My thesis is that money only gets you a hearing. After that, it depends the
most on whether people like what they're hearing from you.

------
binalpatel
The interesting part of this is almost everyone was wrong in this (though when
you're talking the realm of probability, it's hard to actually say they were
wrong).

In my statistics classes we often talk about bias and biased estimates, that
you calculate something in such a way that it's systematically different than
the true underlying population value. (I.E. if Trump's true likelihood of
winning the presidency was X - we always resulted in estimates that were X
minus some value below).

Long story short - it's cool to see in the real world :). You can have the
fanciest models and math, but if the underlying data and assumptions you're
working with aren't representative of the population, then it's all for
naught.

------
dwiel
If you look at the democratic primary maps [1], you'll see that these white
rural voters were actually more progressive than their counterparts in the
cities.

Look at the county maps for Indiana, Wisconsin, Illinois, and Michigan.
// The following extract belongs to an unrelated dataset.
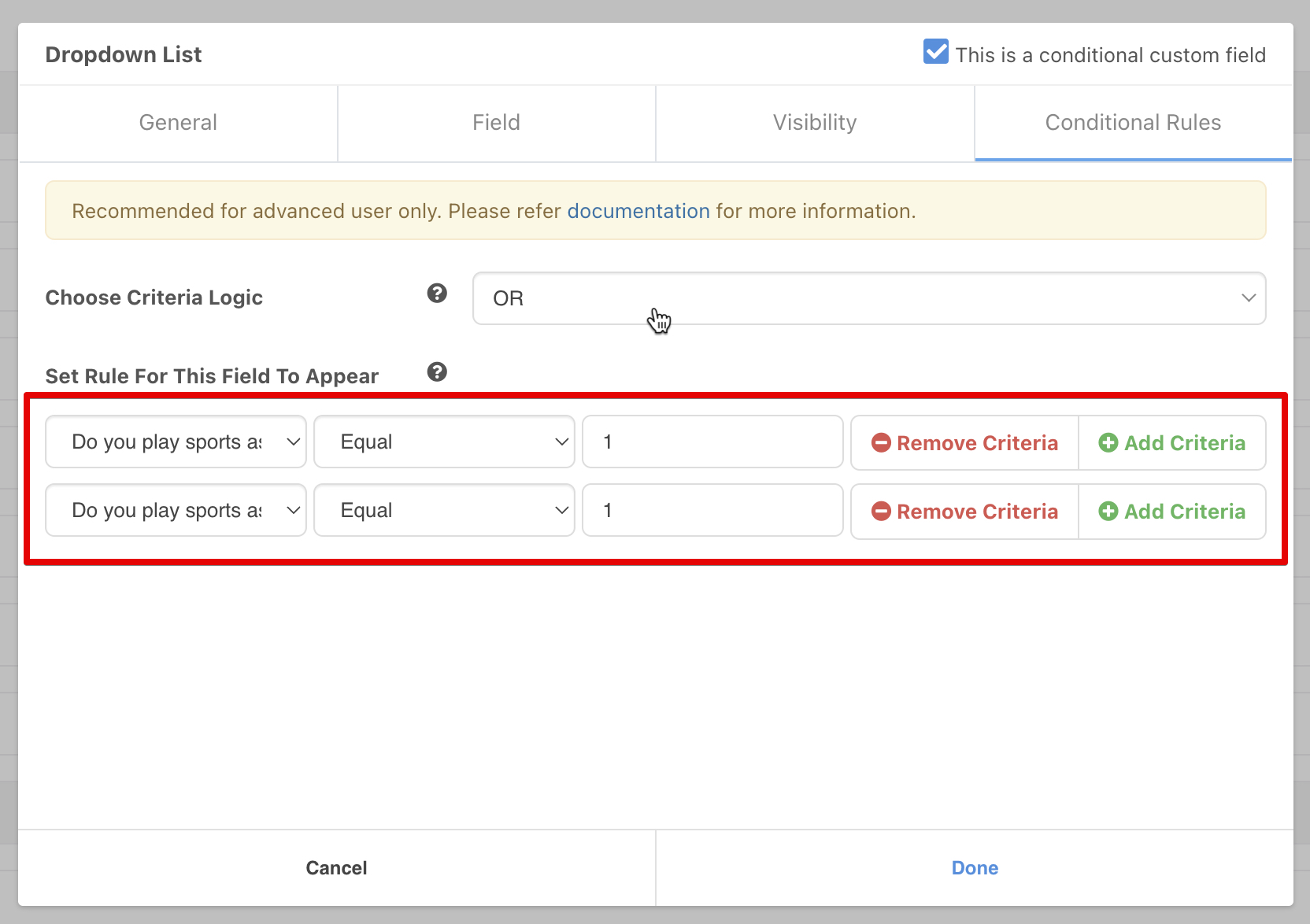 Conditional Fields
The
people in the cities there thought that Bernie was too progressive and so
"unelectable" while these "backwards" racist rural voters actually voted for
him.

These are the people the DNC completely ignored. These are the people that
Trump's team saw. They aren't all stupid racist hicks. They voted for Bernie.

[1]
[https://en.wikipedia.org/wiki/Results_of_the_Democratic_Part...](https://en.wikipedia.org/wiki/Results_of_the_Democratic_Party_presidential_primaries,_2016)

------
Neliquat
Closing by by blaming white voters? Really? Can we stop the race baiting?

------
sp332
I really doubt it. They seemed as surprised as anybody.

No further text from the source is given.